I have a dataset, which is a list of pairwise comparison stimuli I want to randomly and evenly allocate to subsetted groups, but with some rules.
The comparison data frame is as below:
structure(list(comparison = c(1, 2, 3, 4, 5, 6), `speaker 1` = c("a",
"a", "a", "a", "a", "a"), `condition 1` = c(1, 1, 1, 1, 1, 1),
`voice 1` = c("a1", "a1", "a1", "a1", "a1", "a1"), `speaker 2` = c("b",
"c", "d", "e", "b", "c"), `condition 2` = c(1, 1, 1, 1, 2,
2), `voice 2` = c("b1", "c1", "d1", "e1", "b2", "c2")), row.names = c(NA,
-6L), class = c("tbl_df", "tbl", "data.frame"))

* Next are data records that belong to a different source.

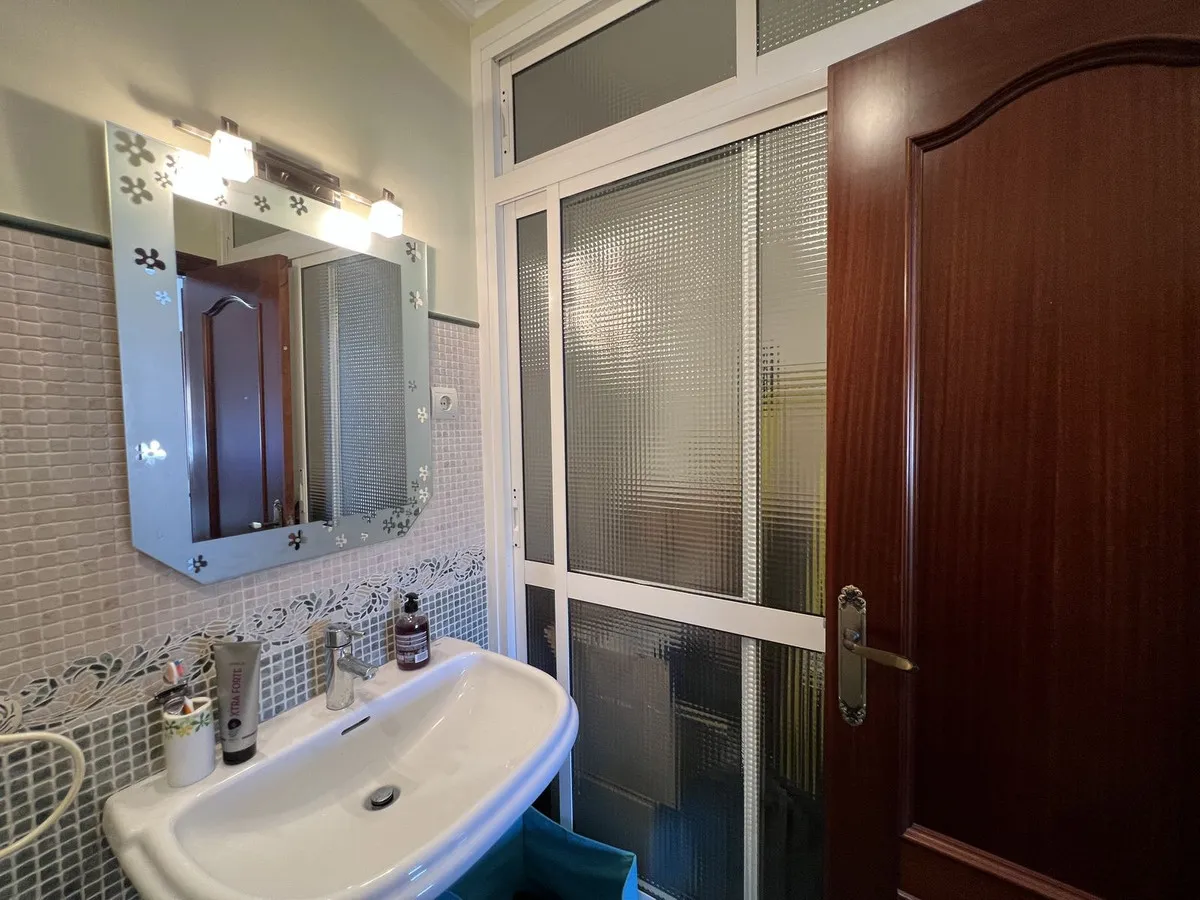 5f928615-d42f-4e38-b1ad-82a68fe4a834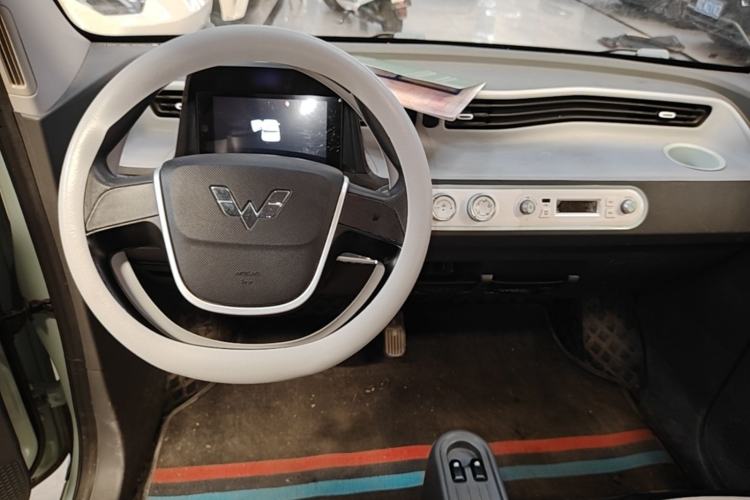 Used Wuling Hongguang MINIEV 2022 Macaron Premium Model – Lithium Iron Phosphate Center Console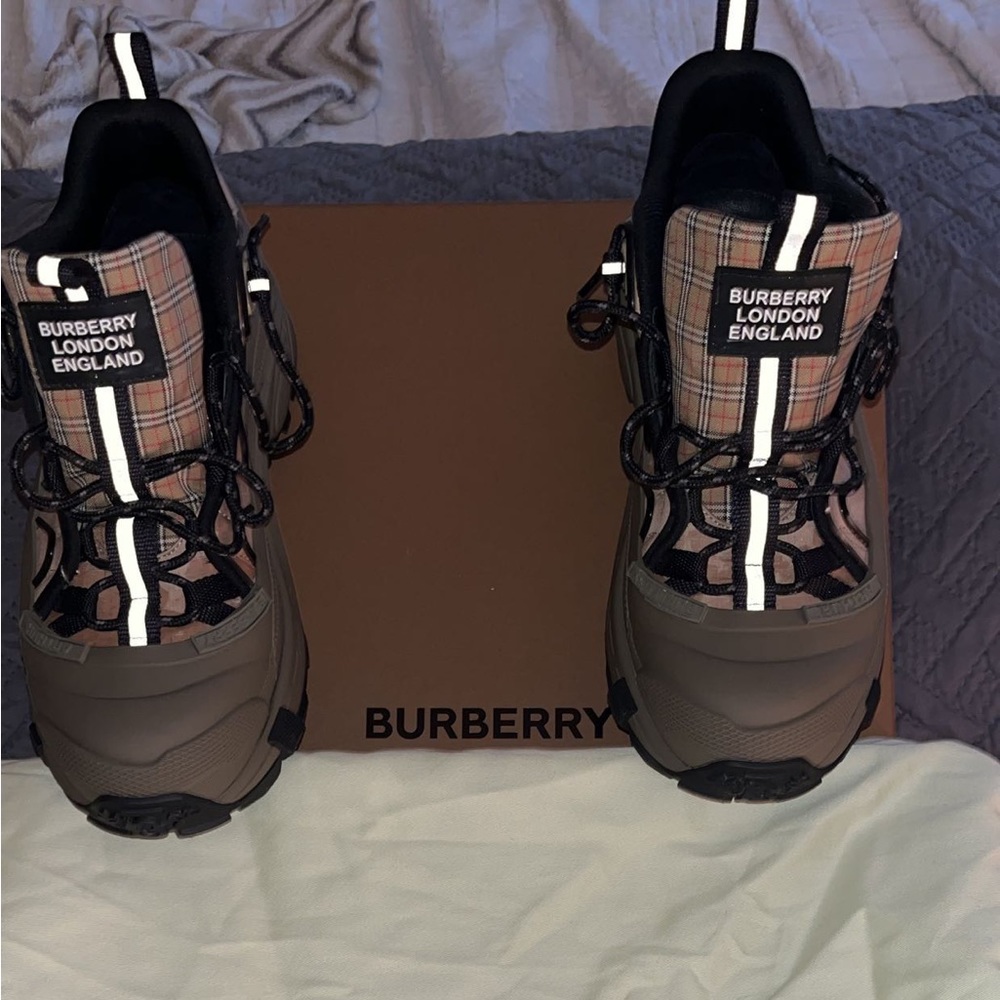 Burberry shoes size 10 men’s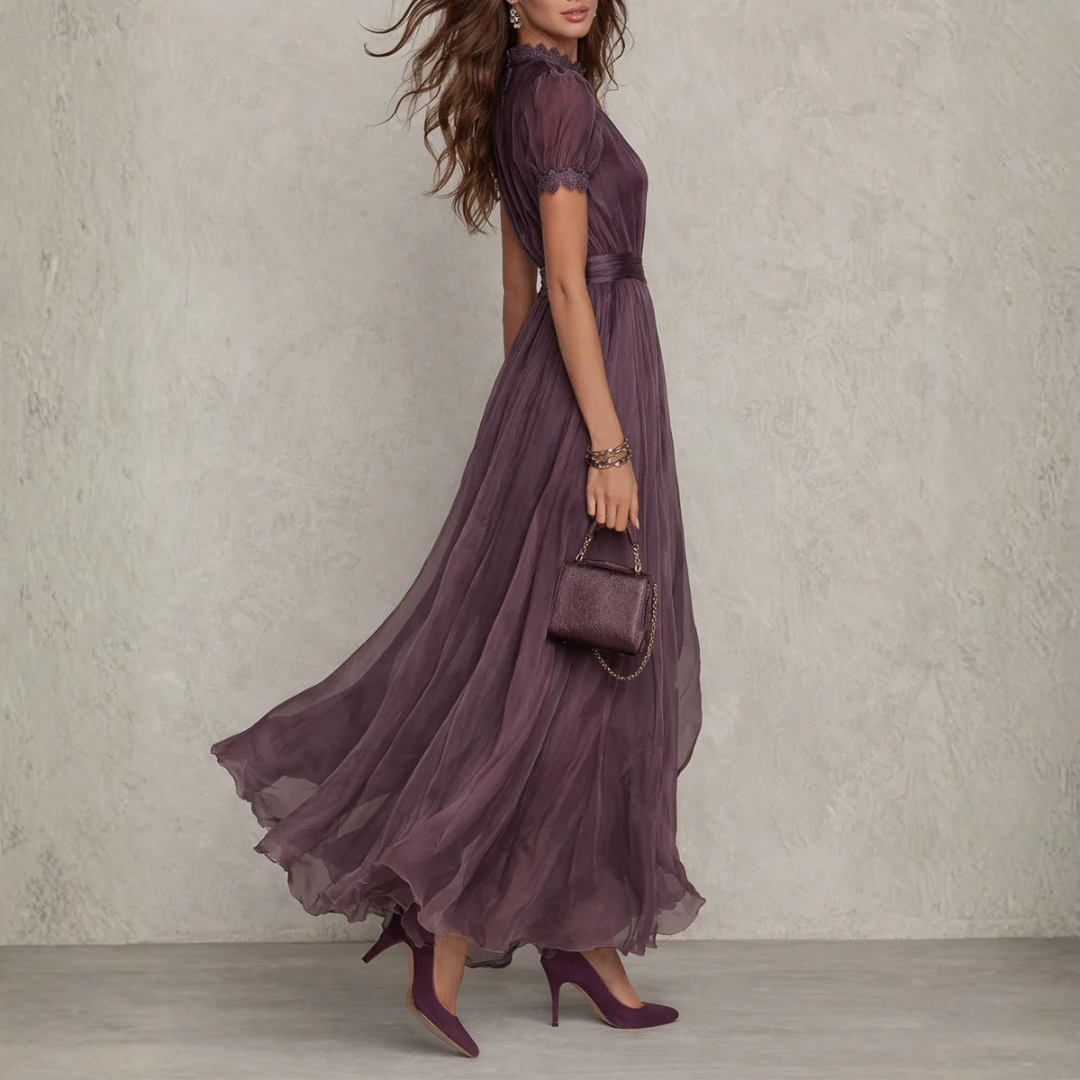 Abito Maxi Leggero e Classico con Pizzo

there are 360 comparisons that I want to subset into 6 equal groups of exactly 60 comparisons.
I want to make sure therefore that firstly all unique comparisons are allocated to a subset; secondly that all subsets contain exactly 60 unique comparisons; and thirdly that all subsets contain exactly 4 comparisons for each voice, whether in ‘voice 1’ column or ‘voice 2’ column.
I have been troubleshooting some code for a few days, and have now been running the following for several hours with no errors, but it seems like it’s too computationally demanding and I’m wondering if there’s a workaround:
# Function to split the data into equal subsets with exactly 60 comparisons in each subset
split_data <- function(stimuli_manipulation, num_subsets) {
# Shuffle the data
stimuli_manipulation <- stimuli_manipulation[sample(nrow(stimuli_manipulation)), ]

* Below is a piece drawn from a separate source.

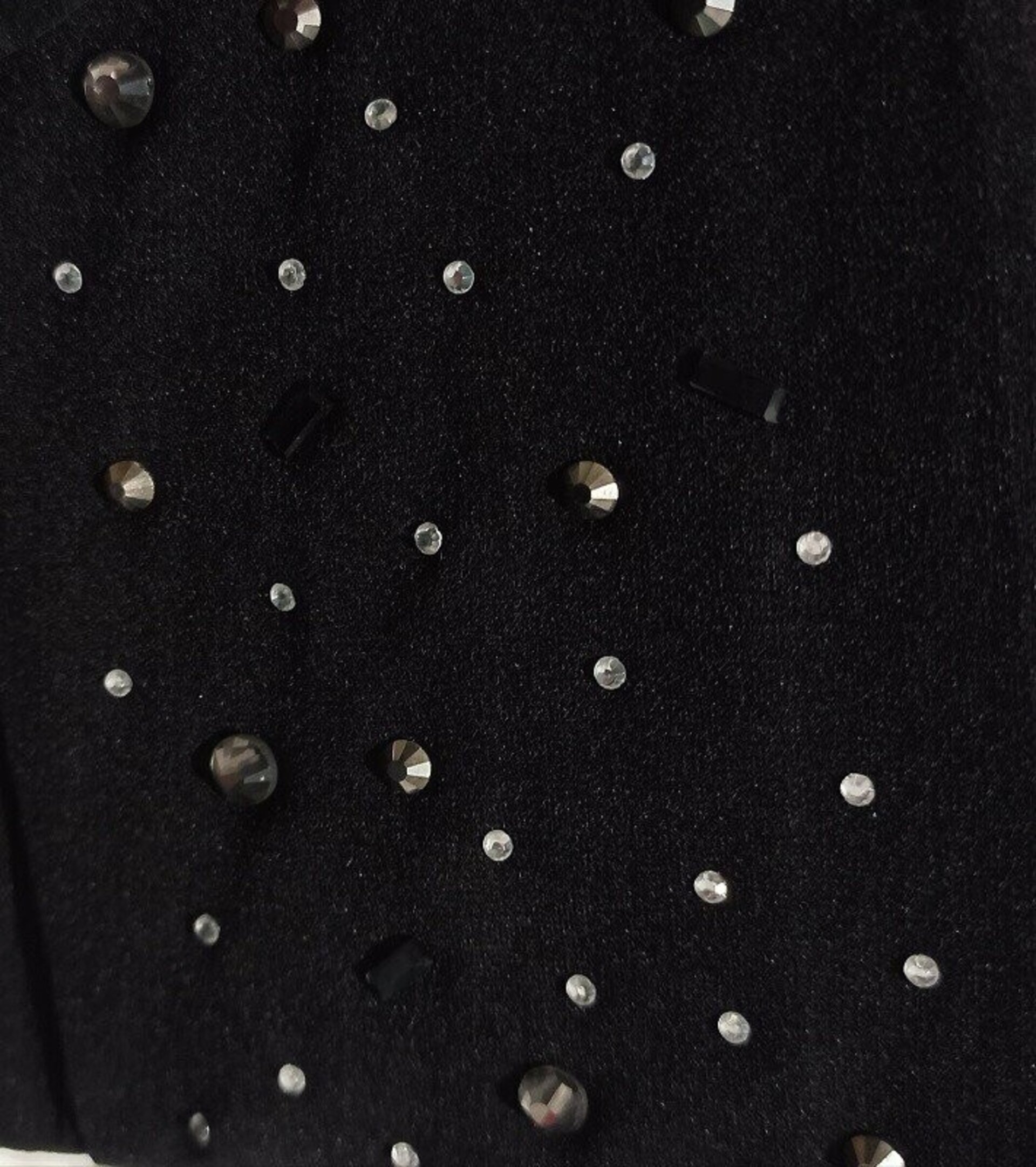 Media con pedrería - 2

# Initialize an empty list to store subsets
subsets <- vector("list", num_subsets)
# Initialize counters for each voice
voice_counts <- table(unlist(stimuli_manipulation[, c("voice 1", "voice 2")]))

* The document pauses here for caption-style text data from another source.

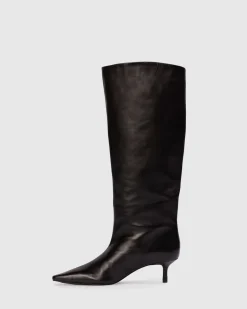 Sutton 50 in Black leather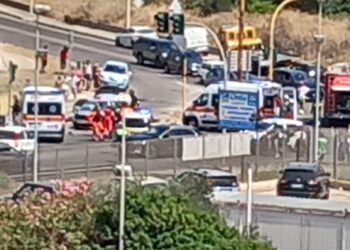 Quartu, terribile incidente al bivio di Pitz’e Serra: diversi feriti estratti dalle lamiere (VIDEO)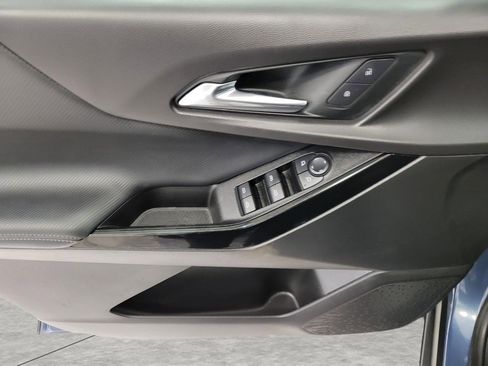 Used 2025 Chevrolet Equinox LT image 25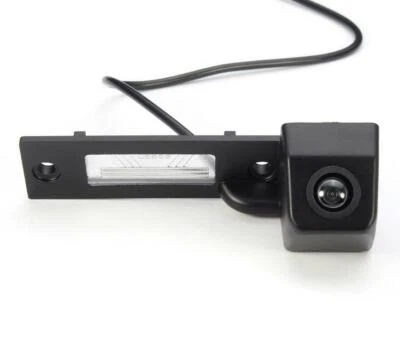 Car Rear View Camera For VW GOLF PLUS PASSAT 3C 3B TRANSPORTER T5 TOURAN Caddy - Image 1 of 4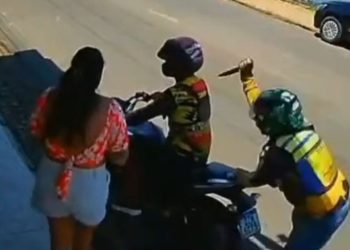 Veja o momento que mototaxista é esfaqueado pelas costas em Tefé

# Initialize an index for subsets
subset_index <- 1
# Initialize a counter for the total number of comparisons across subsets
total_comparisons <- 0
# Initialize an index for the current comparison
i <- 1
# Loop until all subsets have 60 comparisons
while (total_comparisons < 60 * num_subsets) {
# Check if the total number of comparisons across subsets reaches 60 * num_subsets
if (total_comparisons >= 60 * num_subsets) {
break
}
# Get the current comparison
comparison <- stimuli_manipulation[i, ]
# Check if there are no missing values in the comparison
if (!is.na(comparison$`voice 1`) && !is.na(comparison$`voice 2`)) {
# Check if adding the comparison maintains balance for each voice
if ((voice_counts[comparison$`voice 1`] + voice_counts[comparison$`voice 2`]) < 4) {
# Add the comparison to the subset
subsets[[subset_index]] <- rbind(subsets[[subset_index]], comparison)
# Update the counter for each voice
voice_counts[comparison$`voice 1`] <- voice_counts[comparison$`voice 1`] + 1
voice_counts[comparison$`voice 2`] <- voice_counts[comparison$`voice 2`] + 1
# Increment the total number of comparisons
total_comparisons <- total_comparisons + 1
}
}
# Move to the next comparison
i <- i %% nrow(stimuli_manipulation) + 1
# Move to the next subset
subset_index <- subset_index %% num_subsets + 1
}
# Save the subsets as data frames in the workspace and as CSV files
for (i in 1:num_subsets) {
assign(paste0("subset_", i), subsets[[i]], envir = .GlobalEnv)
write.csv(subsets[[i]], paste0("subset_", i, ".csv"), row.names = FALSE)
}
# Return the list of subsets
return(subsets)
}
# Call the function to split the data into subsets
subsets <- split_data(stimuli_manipulation, 6)
I also think I need to change it so that the ‘voice counts’ sums across voice 1 and 2, so when updating the count it’s accurate, but I’m figuring this out on my own and don’t have much experience!
Thanks in advance